10. Skandynawska klasyka.

27169119 74

Skandynawskie inspiracje w podręcznikach wychowania fizycznego mogłyby stanowić temat na osobną rozprawę. Związany z Sokołem Edmund Cenar przedrukowywał na przykład pouczające schematy anatomiczno-gimnastyczne z podręcznika Larsa Mauritza Törngrena:

18447863 279

Największe znaczenie miał jednak atlas ćwiczeń Josefa Gottfrida Thulina, który spopularyzował pomysł z czarnymi sylwetkami.
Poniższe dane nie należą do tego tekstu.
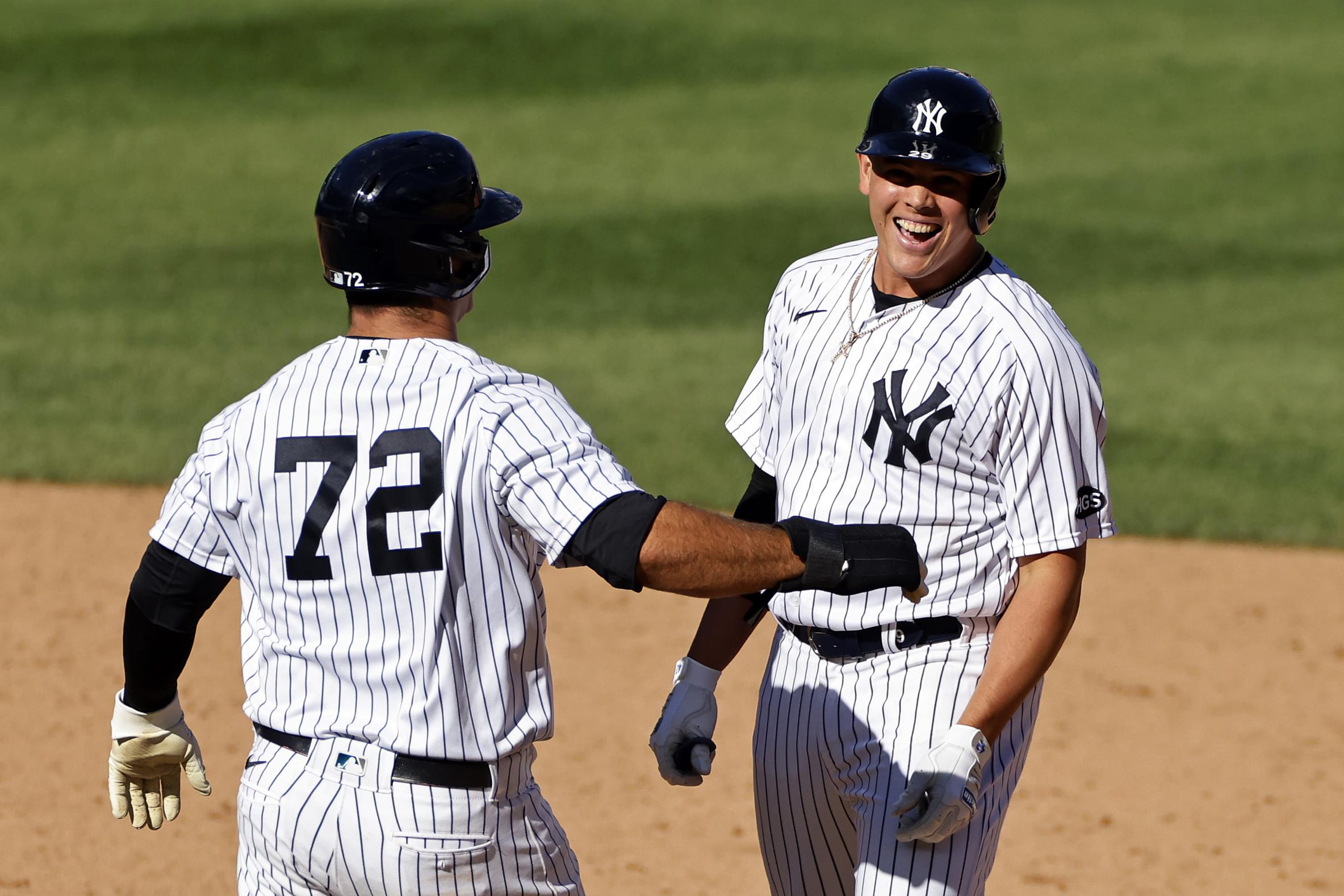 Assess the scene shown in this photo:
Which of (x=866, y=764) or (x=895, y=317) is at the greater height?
(x=895, y=317)

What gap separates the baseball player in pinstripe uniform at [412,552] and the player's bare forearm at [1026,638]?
0.39 meters

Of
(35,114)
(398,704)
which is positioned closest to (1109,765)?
(398,704)

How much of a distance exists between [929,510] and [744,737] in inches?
129

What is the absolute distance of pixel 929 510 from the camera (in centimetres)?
305

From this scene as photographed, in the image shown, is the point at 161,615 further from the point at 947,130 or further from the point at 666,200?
the point at 666,200

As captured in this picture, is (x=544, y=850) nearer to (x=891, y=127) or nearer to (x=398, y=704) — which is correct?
(x=398, y=704)

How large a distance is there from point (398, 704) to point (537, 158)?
15.7 m

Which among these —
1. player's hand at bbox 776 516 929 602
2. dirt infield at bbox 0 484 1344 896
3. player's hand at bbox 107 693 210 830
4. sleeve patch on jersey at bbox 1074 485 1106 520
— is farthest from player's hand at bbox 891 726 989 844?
dirt infield at bbox 0 484 1344 896

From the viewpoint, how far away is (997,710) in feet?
9.61

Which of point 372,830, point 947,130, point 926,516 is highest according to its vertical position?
point 947,130

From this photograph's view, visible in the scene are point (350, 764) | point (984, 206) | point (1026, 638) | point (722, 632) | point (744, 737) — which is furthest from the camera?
point (744, 737)

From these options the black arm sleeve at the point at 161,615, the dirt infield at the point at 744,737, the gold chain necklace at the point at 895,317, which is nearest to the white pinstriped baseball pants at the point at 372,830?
the black arm sleeve at the point at 161,615

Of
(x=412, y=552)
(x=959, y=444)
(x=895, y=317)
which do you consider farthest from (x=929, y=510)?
→ (x=412, y=552)

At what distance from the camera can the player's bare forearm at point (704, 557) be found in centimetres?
254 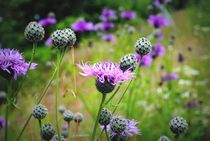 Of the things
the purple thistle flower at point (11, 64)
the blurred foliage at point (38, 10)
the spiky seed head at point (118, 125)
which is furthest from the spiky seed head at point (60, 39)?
the blurred foliage at point (38, 10)

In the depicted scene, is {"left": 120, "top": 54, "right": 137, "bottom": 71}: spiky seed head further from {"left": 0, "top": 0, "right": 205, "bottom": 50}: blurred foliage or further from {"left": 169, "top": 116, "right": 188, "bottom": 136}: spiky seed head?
{"left": 0, "top": 0, "right": 205, "bottom": 50}: blurred foliage

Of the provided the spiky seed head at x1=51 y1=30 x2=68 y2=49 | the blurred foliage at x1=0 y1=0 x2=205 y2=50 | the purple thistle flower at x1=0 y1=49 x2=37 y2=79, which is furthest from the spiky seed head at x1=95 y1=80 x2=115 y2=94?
the blurred foliage at x1=0 y1=0 x2=205 y2=50

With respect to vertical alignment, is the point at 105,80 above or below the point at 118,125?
above

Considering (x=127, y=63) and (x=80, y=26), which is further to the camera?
(x=80, y=26)

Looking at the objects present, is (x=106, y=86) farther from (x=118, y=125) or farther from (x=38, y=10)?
(x=38, y=10)

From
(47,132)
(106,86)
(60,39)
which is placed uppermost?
(60,39)

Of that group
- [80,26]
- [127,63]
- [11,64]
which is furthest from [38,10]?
[127,63]

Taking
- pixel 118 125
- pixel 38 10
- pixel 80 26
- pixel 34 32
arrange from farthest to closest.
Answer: pixel 38 10 → pixel 80 26 → pixel 34 32 → pixel 118 125

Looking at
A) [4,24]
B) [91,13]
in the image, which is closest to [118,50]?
[4,24] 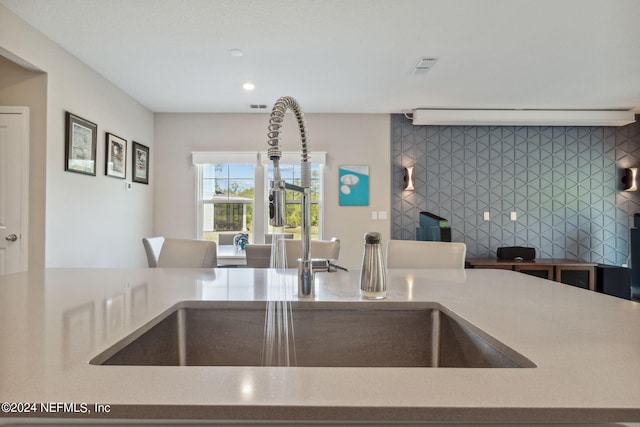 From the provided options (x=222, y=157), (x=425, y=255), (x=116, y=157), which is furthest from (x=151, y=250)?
(x=425, y=255)

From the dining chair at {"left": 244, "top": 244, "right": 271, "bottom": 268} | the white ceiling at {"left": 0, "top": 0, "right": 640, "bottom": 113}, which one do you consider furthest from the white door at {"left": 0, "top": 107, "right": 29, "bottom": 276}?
the dining chair at {"left": 244, "top": 244, "right": 271, "bottom": 268}

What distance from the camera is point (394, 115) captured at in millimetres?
4875

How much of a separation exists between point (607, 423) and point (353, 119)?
471 cm

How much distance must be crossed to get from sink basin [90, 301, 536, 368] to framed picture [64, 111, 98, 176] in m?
2.93

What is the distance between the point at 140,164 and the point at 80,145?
1210mm

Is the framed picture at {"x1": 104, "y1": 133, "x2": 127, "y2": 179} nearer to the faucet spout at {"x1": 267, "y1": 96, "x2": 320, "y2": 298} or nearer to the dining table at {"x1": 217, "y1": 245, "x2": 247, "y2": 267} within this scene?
the dining table at {"x1": 217, "y1": 245, "x2": 247, "y2": 267}

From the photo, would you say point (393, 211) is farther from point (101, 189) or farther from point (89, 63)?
point (89, 63)

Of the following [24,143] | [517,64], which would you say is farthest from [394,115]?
[24,143]

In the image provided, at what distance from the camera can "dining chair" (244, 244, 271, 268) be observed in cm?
260

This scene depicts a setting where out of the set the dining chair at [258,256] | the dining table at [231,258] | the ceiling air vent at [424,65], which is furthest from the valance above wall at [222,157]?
the dining chair at [258,256]

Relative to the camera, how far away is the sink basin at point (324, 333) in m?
0.92

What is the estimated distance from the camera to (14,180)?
2842 mm

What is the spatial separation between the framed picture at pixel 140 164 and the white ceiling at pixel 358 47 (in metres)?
0.64

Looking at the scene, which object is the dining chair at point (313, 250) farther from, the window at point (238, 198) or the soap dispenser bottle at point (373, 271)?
the window at point (238, 198)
Zawieszone na ścianie sali miały być widoczne z daleka i głosić skuteczność treningu zgodnego z systemem ojca założyciela gimnastyki szwedzkiej, Pehra Henrika Linga.
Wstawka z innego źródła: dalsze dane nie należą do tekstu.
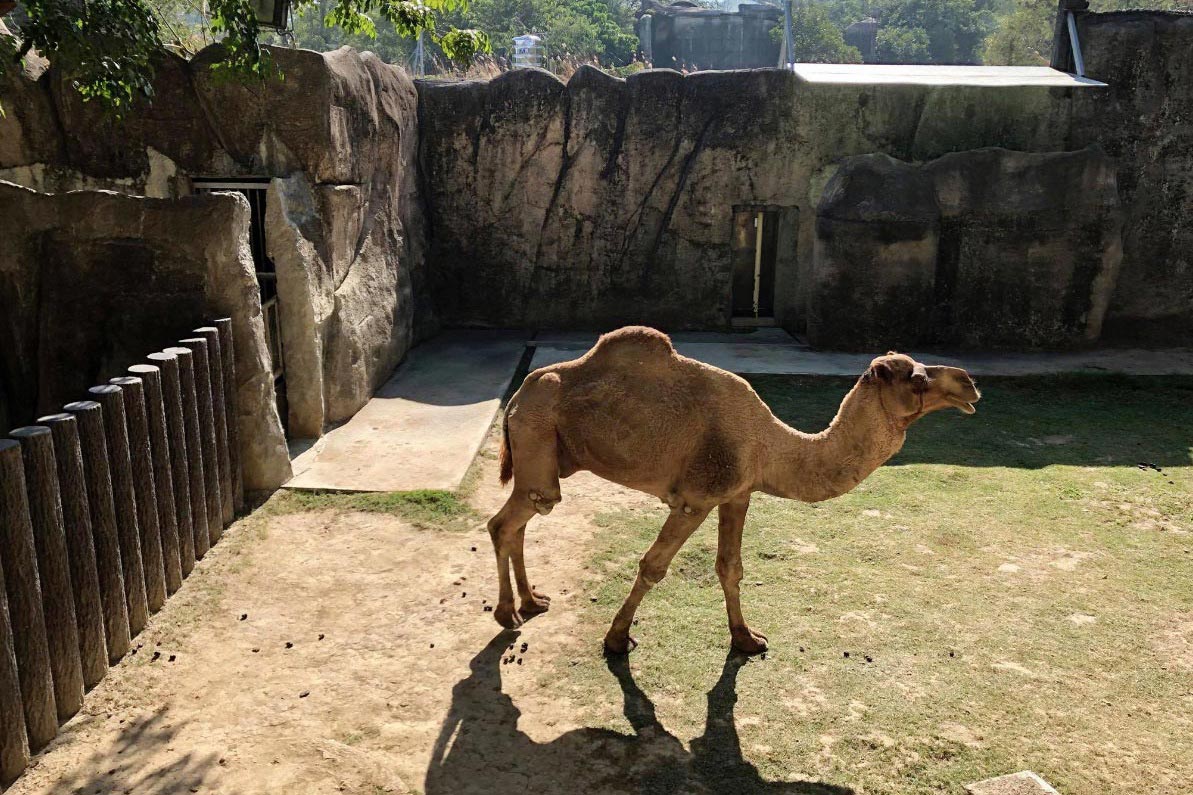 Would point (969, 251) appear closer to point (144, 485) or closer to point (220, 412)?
point (220, 412)

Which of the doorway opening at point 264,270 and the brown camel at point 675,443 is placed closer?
the brown camel at point 675,443

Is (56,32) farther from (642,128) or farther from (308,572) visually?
(642,128)

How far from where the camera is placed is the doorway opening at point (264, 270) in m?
8.66

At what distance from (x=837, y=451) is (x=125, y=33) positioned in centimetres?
526

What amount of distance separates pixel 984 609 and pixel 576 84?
8.62m

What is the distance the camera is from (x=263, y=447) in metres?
7.41

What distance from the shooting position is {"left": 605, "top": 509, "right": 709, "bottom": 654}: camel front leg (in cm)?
513

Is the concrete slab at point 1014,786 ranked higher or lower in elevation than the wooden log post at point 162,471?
lower

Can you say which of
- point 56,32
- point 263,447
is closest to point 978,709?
point 263,447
Z bogatego repertuaru ćwiczeń proponujemy „chorągiewkę” – dla koneserów:

27169119 98

9. Osiemnastowieczna pedagogika niemiecka.

27169108 551a

Niektórzy autorzy atlasów gimnastycznych zachęcali do wyjmowania kart z ilustracjami i wieszania na widoku jako instrukcji i zachęty do ćwiczeń. Być może właśnie w tym celu jakiś młody użytkownik biblioteki rodu Schaffgotschów pozbawił kilku rycin egzemplarz Gymnastik für die Jugend, katechizmu osiemnastowiecznej gimnastyki.

27169108 555

Johann Christoph Guts-Muths oparł swoje teorie na doświadczeniach z eksperymentalnej szkoły w Schnepfenthal. Codziennie po zakończeniu lekcji zabierał uczniów na dwór, żeby susali przez rowy, skakali o tyczce, rzucali do celu, a zimą kręcili się na ślizgawce. W Polonie znajduje się drugie wydanie podręcznika, w którym ideę „naturalnego” wychowania pokazano już jako stworzoną dla państwowej edukacji – ilustracje uschematyzowano i pozbawiono lesistej scenerii, a tekst uzupełniono o uwagi na temat ćwiczeń wojskowych.
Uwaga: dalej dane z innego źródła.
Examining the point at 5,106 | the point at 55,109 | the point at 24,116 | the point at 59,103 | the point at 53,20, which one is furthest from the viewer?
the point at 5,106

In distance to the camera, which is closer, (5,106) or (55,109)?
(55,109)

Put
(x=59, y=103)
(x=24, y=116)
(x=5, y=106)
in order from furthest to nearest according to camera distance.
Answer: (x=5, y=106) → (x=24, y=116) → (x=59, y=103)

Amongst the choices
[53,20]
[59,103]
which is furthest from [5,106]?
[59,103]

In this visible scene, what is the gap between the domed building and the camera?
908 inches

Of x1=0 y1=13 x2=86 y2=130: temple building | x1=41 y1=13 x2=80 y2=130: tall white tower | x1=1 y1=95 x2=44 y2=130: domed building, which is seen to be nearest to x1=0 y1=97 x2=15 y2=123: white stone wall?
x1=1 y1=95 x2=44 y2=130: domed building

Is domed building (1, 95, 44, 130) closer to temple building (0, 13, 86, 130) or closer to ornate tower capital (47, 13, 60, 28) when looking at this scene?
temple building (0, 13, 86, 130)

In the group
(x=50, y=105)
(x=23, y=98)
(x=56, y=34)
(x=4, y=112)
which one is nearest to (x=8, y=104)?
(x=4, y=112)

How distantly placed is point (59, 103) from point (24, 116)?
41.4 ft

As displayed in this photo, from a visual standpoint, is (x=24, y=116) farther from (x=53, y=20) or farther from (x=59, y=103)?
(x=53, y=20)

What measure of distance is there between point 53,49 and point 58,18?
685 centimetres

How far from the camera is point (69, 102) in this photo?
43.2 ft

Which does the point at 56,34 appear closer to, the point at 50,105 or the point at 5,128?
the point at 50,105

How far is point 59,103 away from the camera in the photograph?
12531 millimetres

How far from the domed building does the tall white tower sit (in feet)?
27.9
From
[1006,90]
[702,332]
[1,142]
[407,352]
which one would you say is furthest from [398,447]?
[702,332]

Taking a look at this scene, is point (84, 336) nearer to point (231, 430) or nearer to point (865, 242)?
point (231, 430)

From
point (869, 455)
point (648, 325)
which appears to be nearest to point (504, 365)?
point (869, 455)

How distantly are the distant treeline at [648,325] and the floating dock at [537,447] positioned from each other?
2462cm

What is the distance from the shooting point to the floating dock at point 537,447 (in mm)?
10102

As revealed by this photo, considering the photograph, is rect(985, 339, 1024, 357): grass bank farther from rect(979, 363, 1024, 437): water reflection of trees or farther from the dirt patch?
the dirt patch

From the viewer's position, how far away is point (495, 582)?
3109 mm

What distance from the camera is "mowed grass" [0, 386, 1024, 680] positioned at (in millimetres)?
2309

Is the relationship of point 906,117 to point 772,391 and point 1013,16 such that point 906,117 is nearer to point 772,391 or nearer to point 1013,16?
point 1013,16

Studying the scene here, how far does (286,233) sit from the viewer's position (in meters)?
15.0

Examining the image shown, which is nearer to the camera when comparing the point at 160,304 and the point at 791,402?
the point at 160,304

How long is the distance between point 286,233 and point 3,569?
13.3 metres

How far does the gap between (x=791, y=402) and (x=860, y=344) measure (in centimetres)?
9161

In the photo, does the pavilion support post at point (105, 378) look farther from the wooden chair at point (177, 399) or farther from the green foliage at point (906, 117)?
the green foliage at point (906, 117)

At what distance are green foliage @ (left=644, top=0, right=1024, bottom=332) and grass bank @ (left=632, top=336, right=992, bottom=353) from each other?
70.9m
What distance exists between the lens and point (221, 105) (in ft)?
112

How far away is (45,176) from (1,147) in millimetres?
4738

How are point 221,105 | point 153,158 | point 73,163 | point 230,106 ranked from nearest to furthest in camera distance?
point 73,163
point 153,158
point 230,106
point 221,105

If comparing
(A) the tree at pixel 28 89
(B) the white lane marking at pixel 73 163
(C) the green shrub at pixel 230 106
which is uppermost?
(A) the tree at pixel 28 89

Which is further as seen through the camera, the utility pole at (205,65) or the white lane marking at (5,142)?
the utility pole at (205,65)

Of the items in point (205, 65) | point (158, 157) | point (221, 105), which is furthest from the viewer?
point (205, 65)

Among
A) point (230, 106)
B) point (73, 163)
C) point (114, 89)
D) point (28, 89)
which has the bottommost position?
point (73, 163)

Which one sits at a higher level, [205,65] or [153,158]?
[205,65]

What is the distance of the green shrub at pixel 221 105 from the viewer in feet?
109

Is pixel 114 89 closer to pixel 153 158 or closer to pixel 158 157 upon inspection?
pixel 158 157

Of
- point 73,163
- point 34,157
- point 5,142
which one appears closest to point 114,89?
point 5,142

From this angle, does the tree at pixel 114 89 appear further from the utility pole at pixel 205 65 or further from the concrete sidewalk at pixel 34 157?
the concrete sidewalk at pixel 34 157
8. Gimnastyka navy style dla dziewcząt.

23660754 165

W drugiej połowie XIX wieku ilustracje z Calisthénie ou Gymnastique des jeunes filles musiały wyglądać jak raport z raju utraconego niewieściej gimnastyki: panienki w zwiewnych sukienkach bez skrępowania wywijają fikołki na tyczkach i dziarsko zasuwają po drabinkach. Bliźniaczy podręcznik dla chłopców uwzględniał dokładnie te same ćwiczenia, jakby wówczas jeszcze nie zorientowano się, że młodej damie nie wszystko przystoi podczas treningu. Termin „kalistenika” bardzo chętnie stosowano w tytułach takich publikacji, ale ich autorzy nie do końca mogli się zdecydować, czy (zgodnie z grecką etymologią) chodzi tu o siłę, czy o piękno dziewcząt – wzmocnienie organizmu, czy wyrobienie salonowego wdzięku. Przeglądając ilustracje nie możemy się jednak oprzeć wrażeniu, że zawadiackie strojnisie próbują się nawzajem zrzucić z równoważni. Z pewnością historia dziewczęcej gimnastyki kryje przed nami jeszcze wiele tajemnic.

23660754 177

7. Przereklamowany Jørgen Peter Müller.

17966599 29

W jednym z listów do wąsatego atlety, 23-letnia chorowita wiedenka wyznawała, że jej życie się zmieniło, od kiedy zaczęła się „müllerować”. Adresat, Jørgen Peter Müller, autor bestsellerowego Mojego systemu, uważany był za najlepiej zbudowanego Duńczyka. To właśnie lawiny listów od fanek zadecydowały o wypuszczeniu poradnika także w wersji przeznaczonej dla kobiet. Zdaniem autora czytelniczki chciały rodzić dzieci o klasycznych kształtach („piękność jest dziedziczna!”) oraz uczynić zadość modzie na wąskie biodra (por. ćwiczenie 15).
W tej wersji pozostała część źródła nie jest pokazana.